Information supplied:
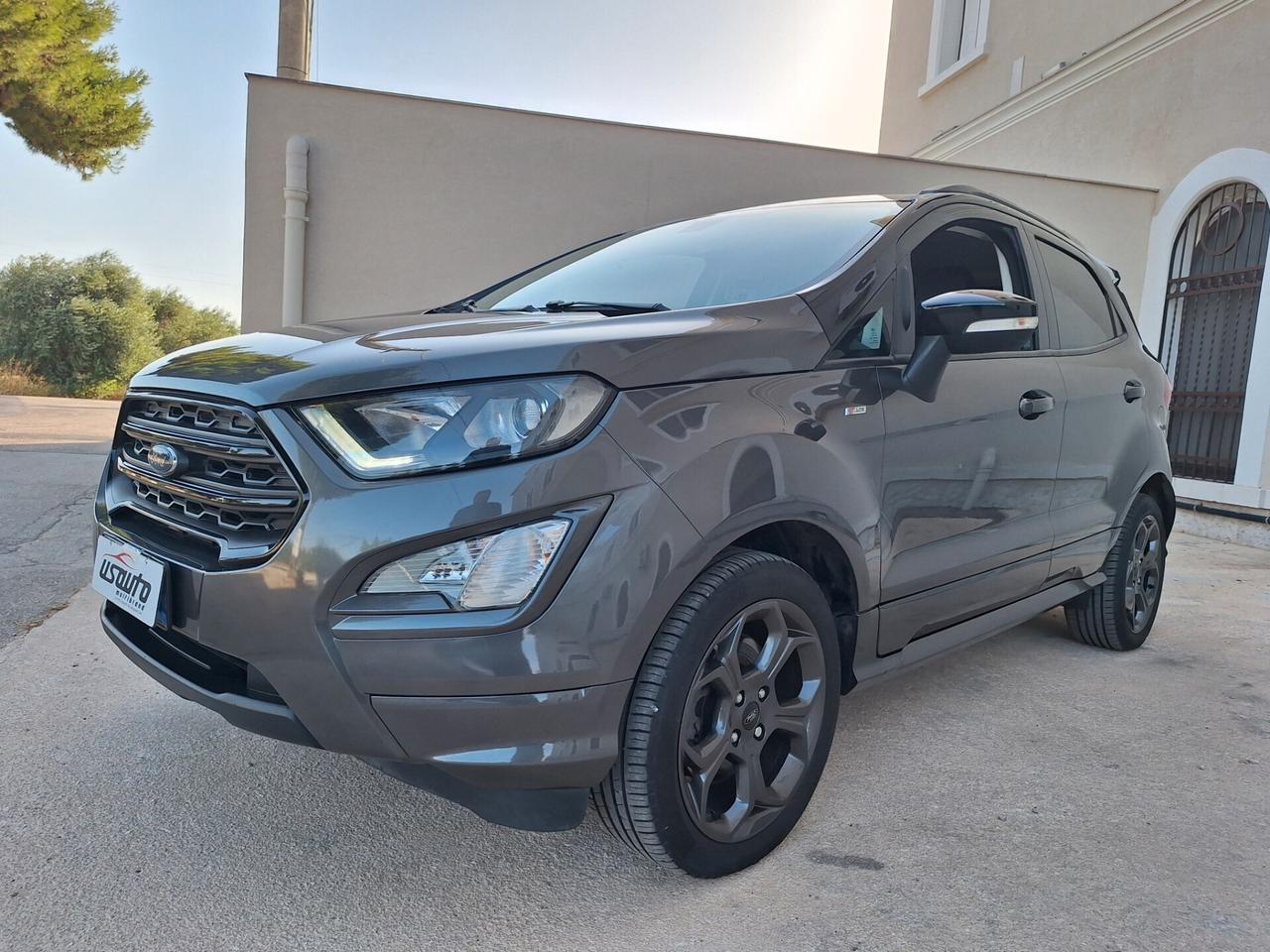 Ford EcoSport 1.5 TDCi 100 CV ST-Line NAVI PELLE 2018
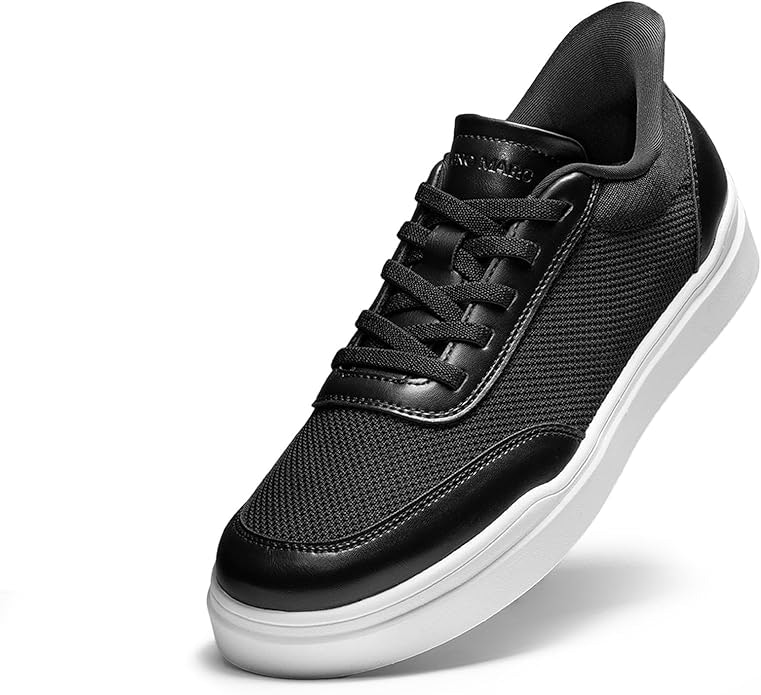 Bruno Marc Men's Slip On Casual Sneakers: $22
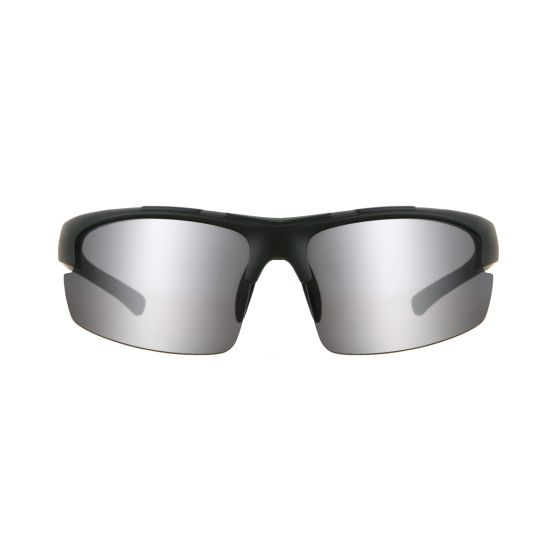 Tour Gear Men's Semi-Rimless Sunglasses - Matte Black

Assignment: Retype the line containing "Bruno Marc Men's" and all lines after it to the end of the material, exactly as written, leaving out any pictures.

Solution:
 Bruno Marc Men's Slip On Casual Sneakers: $22
 Tour Gear Men's Semi-Rimless Sunglasses - Matte Black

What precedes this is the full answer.